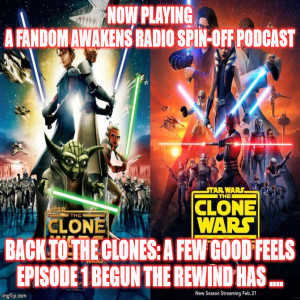 2GGRN: Fandom Awakens LIMITED SERIES spin off podcast Back to the Clones A Few Good FEELS Episode 1 Begun the REWIND has .... Phase I CLONE WARS REWIND (2/10/2020)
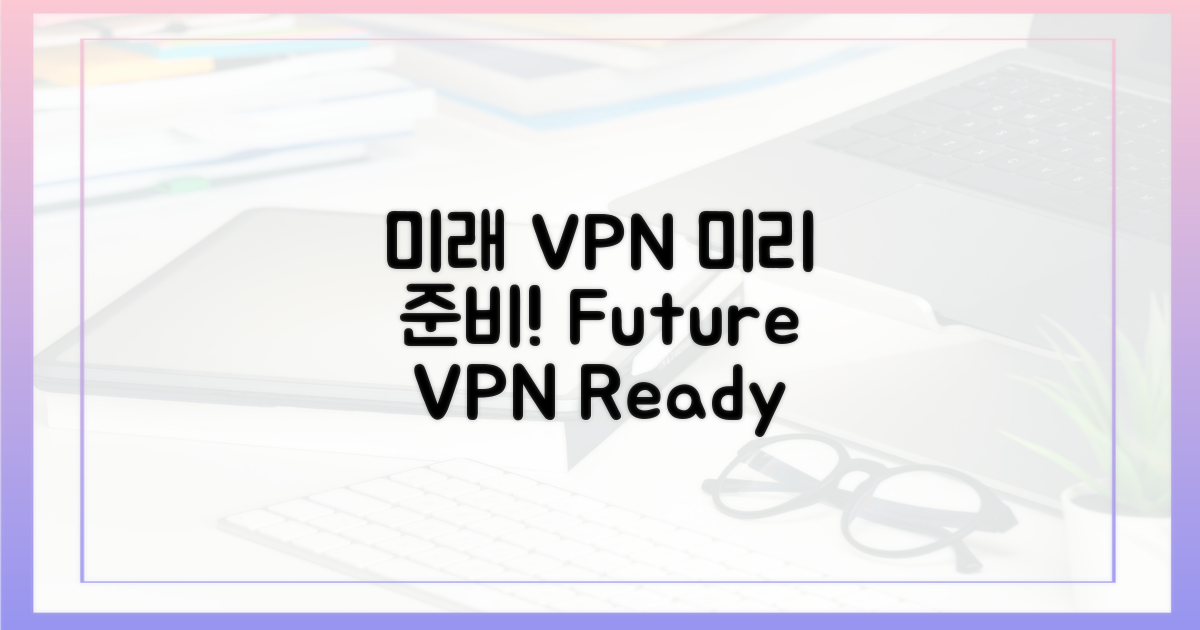 미래 VPN, 미리 대비하세요
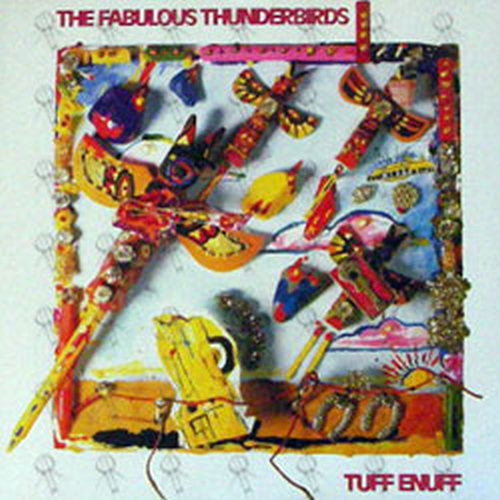 FABULOUS THUNDERBIRDS-- THE - Tuff Enuff - 1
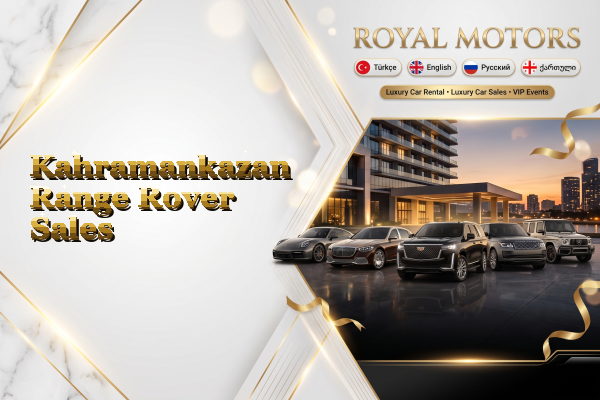 Kahramankazan Range Rover Sales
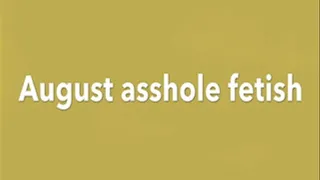 aug 7th 2018 asshole fetish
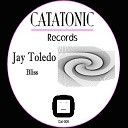 Jay Toledo - Bliss Original Mix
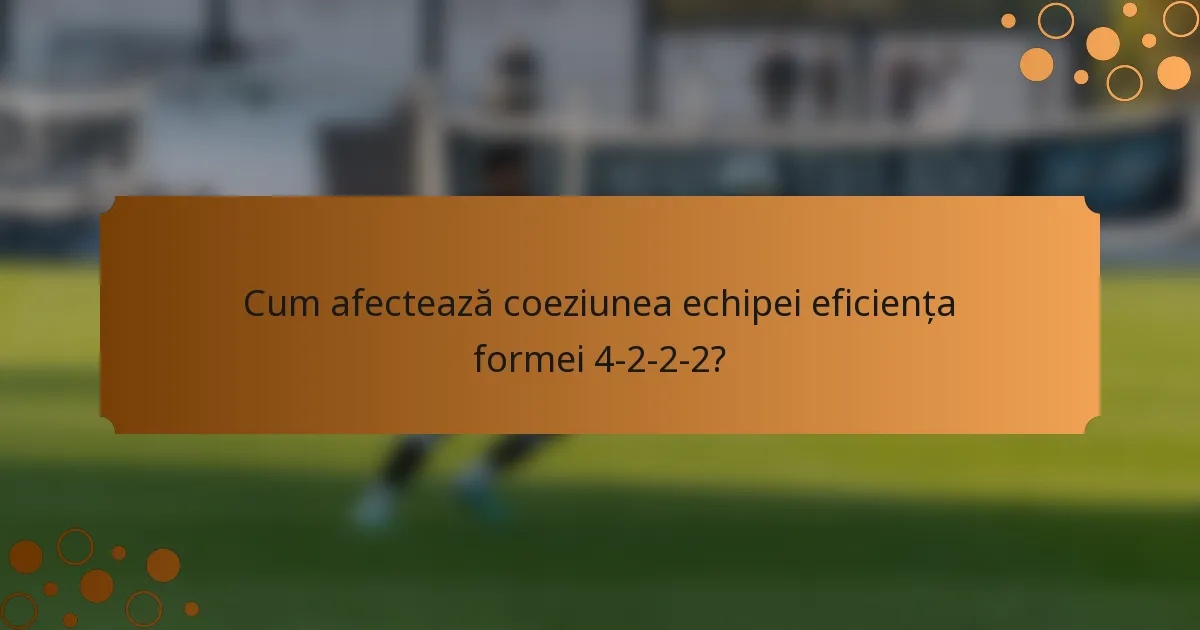 Cum afectează coeziunea echipei eficiența formei 4-2-2-2?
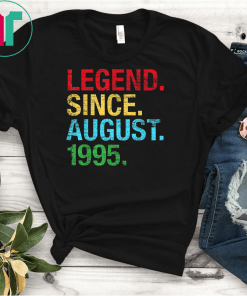 Legend Since August 1995 Bday Gifts 24th Birthday T-Shirts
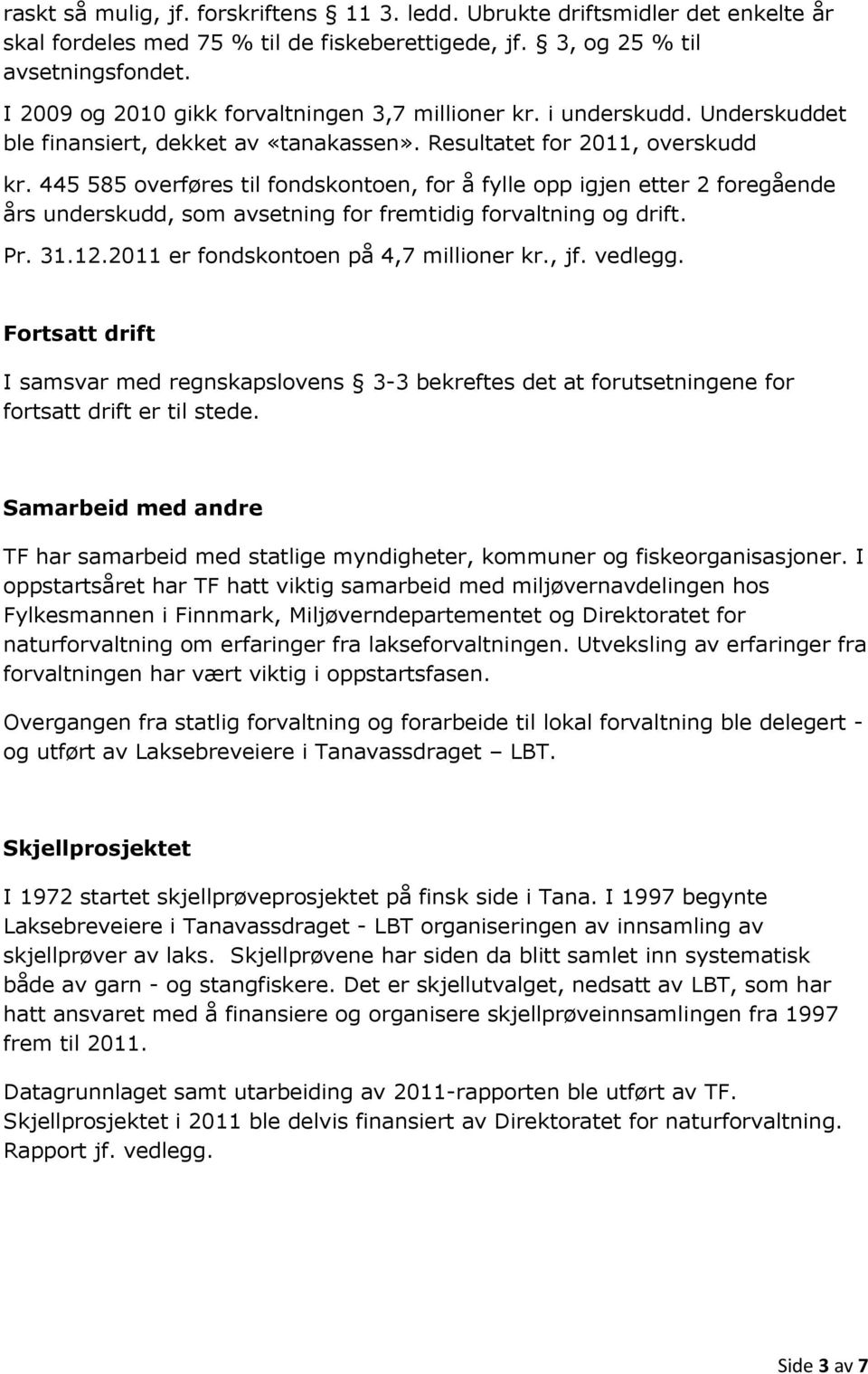 445 585 overføres til fondskontoen, for å fylle opp igjen etter 2 foregående års underskudd, som avsetning for fremtidig forvaltning og drift. Pr. 31.12.2011 er fondskontoen på 4,7 millioner kr., jf.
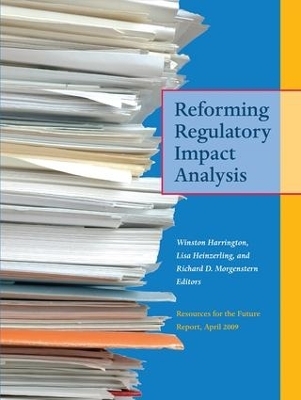 Reforming Regulatory Impact Analysis - 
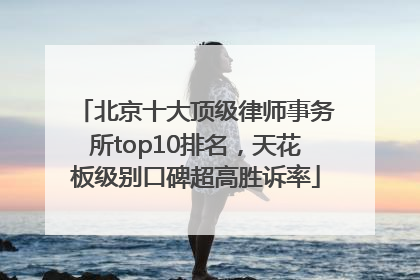 北京十大顶级律师事务所top10排名，天花板级别口碑超高胜诉率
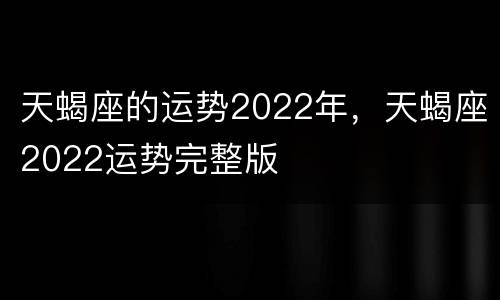 天蝎座的运势2022年，天蝎座2022运势完整版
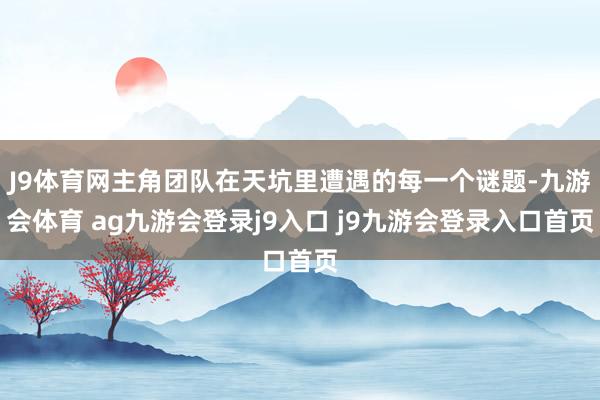 J9体育网主角团队在天坑里遭遇的每一个谜题-九游会体育 ag九游会登录j9入口 j9九游会登录入口首页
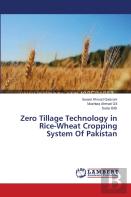 Zero Tillage Technology In Rice-Wheat Cropping System Of Pakistan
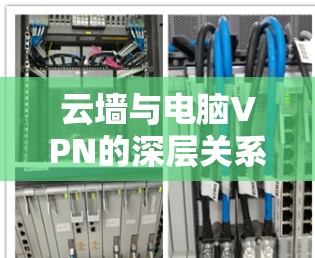 云墙与电脑VPN的深层关系，保障网络安全的双重防护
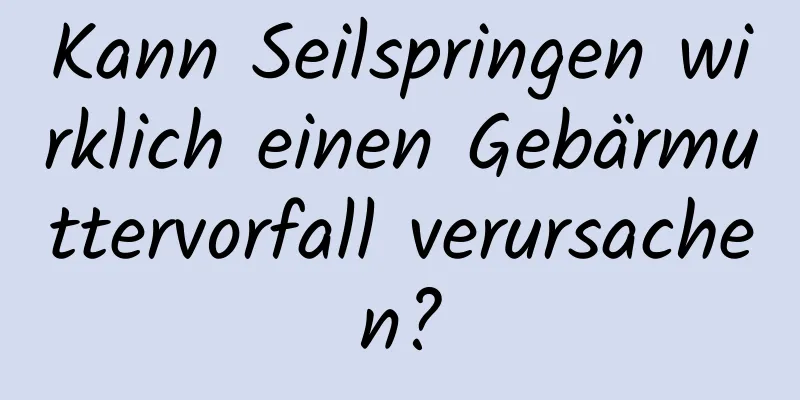 Kann Seilspringen wirklich einen Gebärmuttervorfall verursachen?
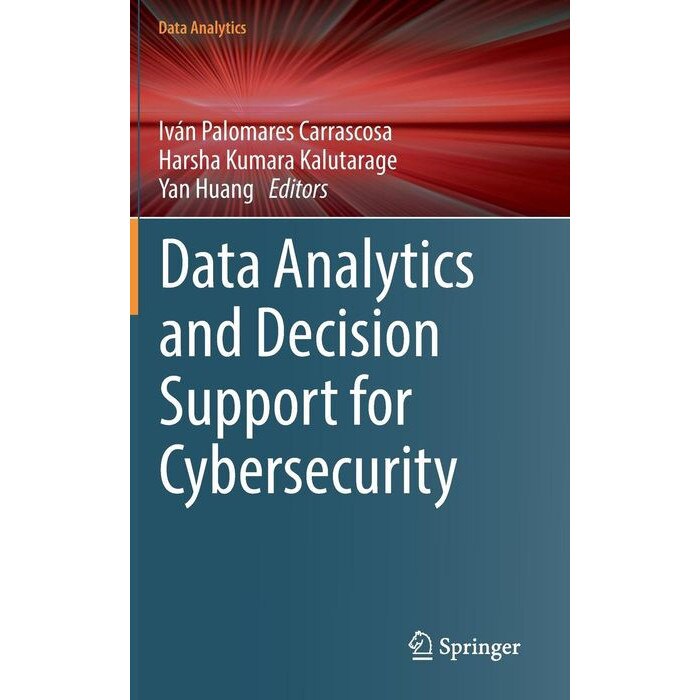 Data Analytics and Decision Support for Cybersecurity de Iván Palomares Carrascosa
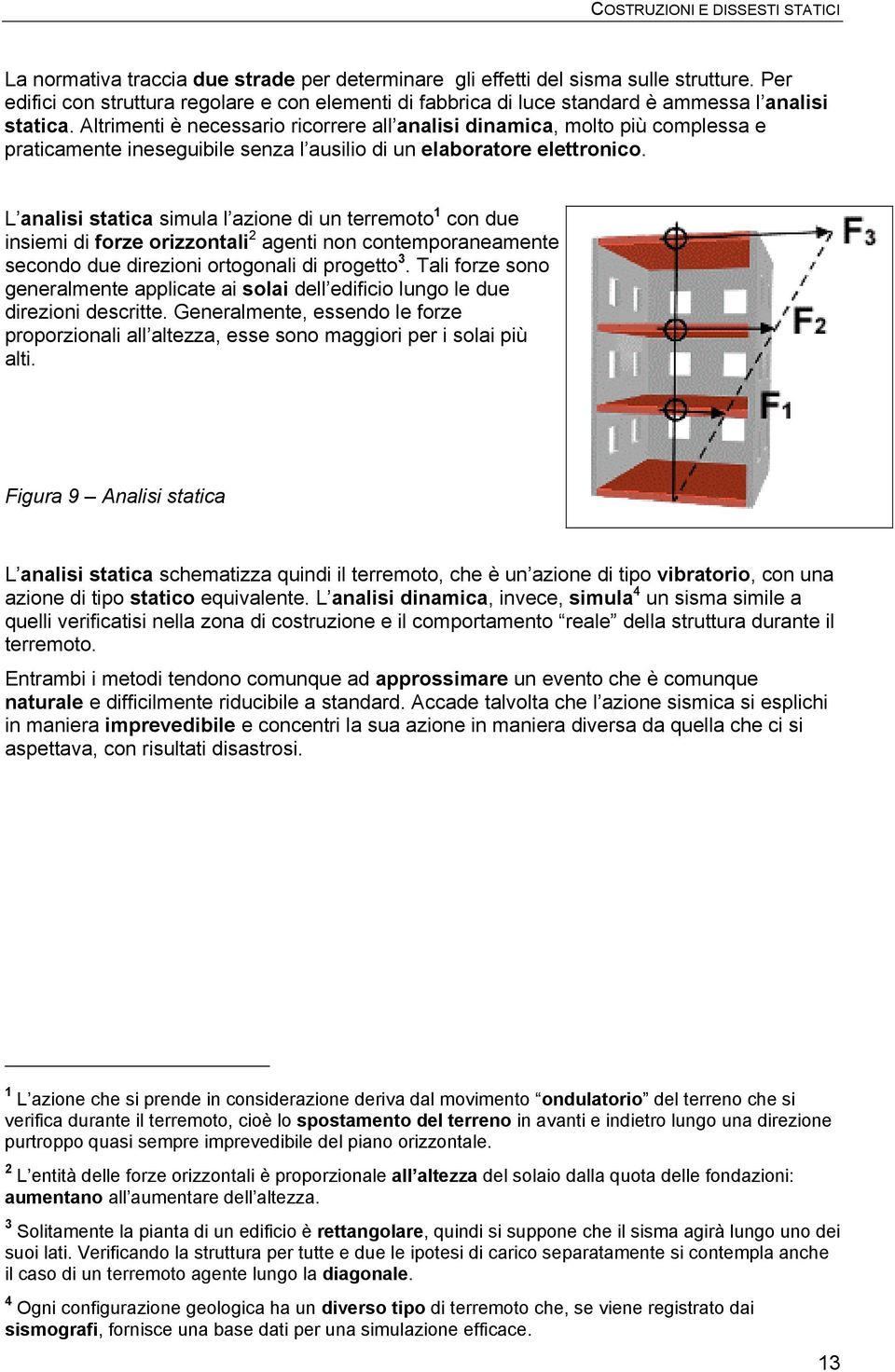 L analisi statica simula l azione di un terremoto 1 con due insiemi di forze orizzontali 2 agenti non contemporaneamente secondo due direzioni ortogonali di progetto 3.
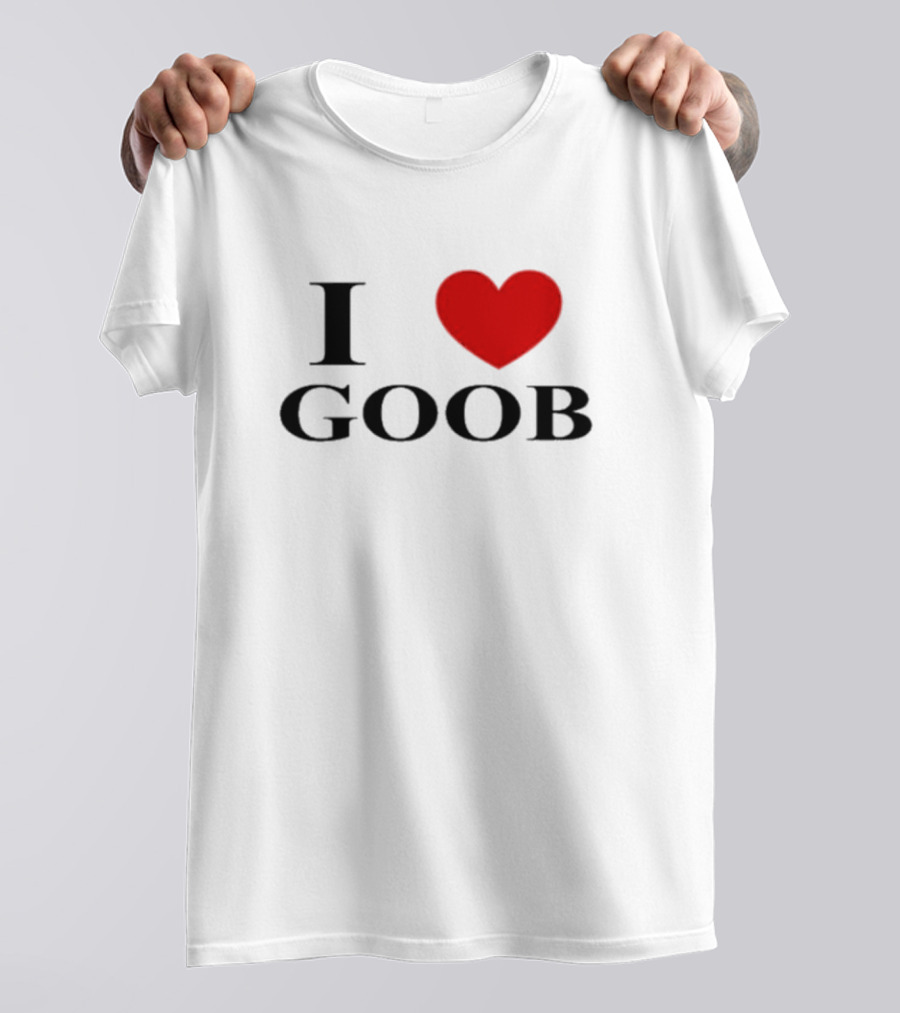 I Love Goob Goobsmooch Heart T-Shirt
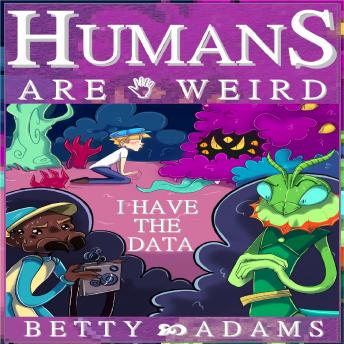 Humans are Weird: I Have the Data: A Book of Human Absurdity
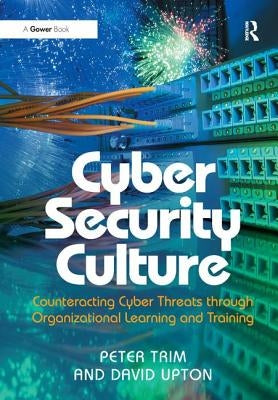 Cyber Security Culture: Counteracting Cyber Threats through Organizational Learning and Training by Trim, Peter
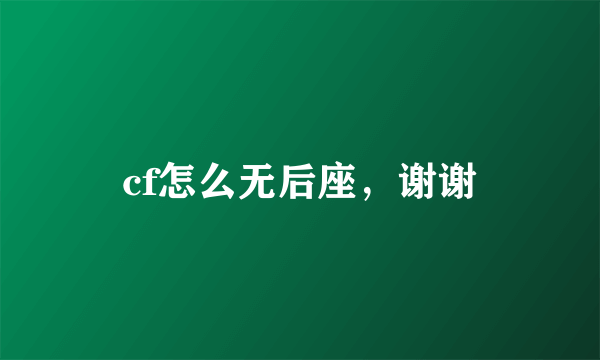 cf怎么无后座，谢谢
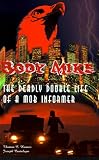 Body Mike: The Deadly Double Life of a Mob Informer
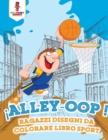 Image for Alley-Oop! : Ragazzi Disegni Da Colorare Libro Sport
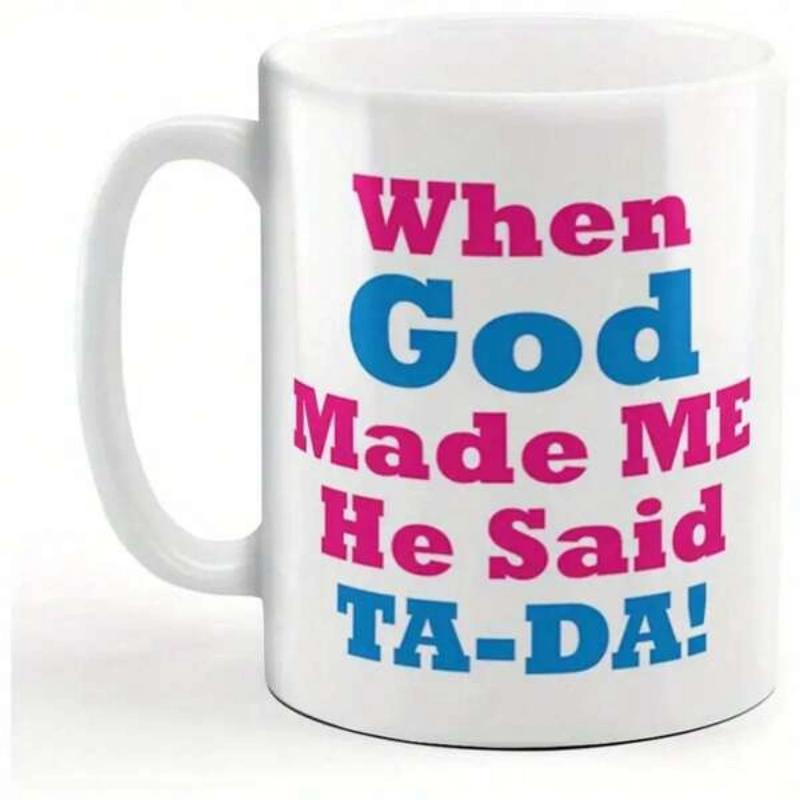 Tailorly White Ceramic 11 oz Mug - When God Made Me He Said Ta Da Minimalist Featuring Bold Vibrant Playful Fun Typographic Art Mug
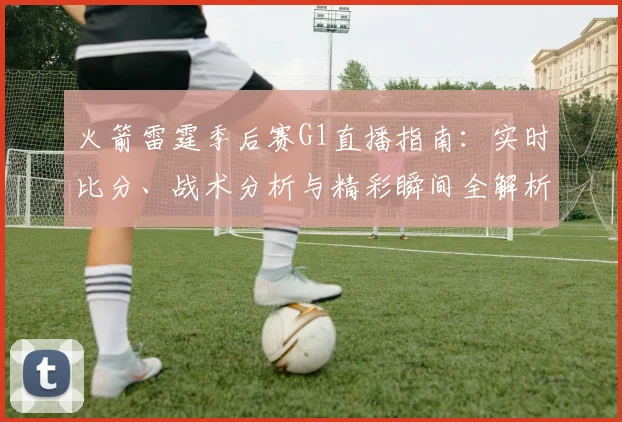 火箭雷霆季后赛G1直播指南：实时比分、战术分析与精彩瞬间全解析。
--
**Task directions**
Reproduce exactly the lines of the data above that run from the line with "Humans are Weird: I" down to the line with "Body Mike: The", both ends included. Pictures do not belong in the copy.

**Task response**
 Humans are Weird: I Have the Data: A Book of Human Absurdity
 Cyber Security Culture: Counteracting Cyber Threats through Organizational Learning and Training by Trim, Peter
 cf怎么无后座，谢谢
 Body Mike: The Deadly Double Life of a Mob Informer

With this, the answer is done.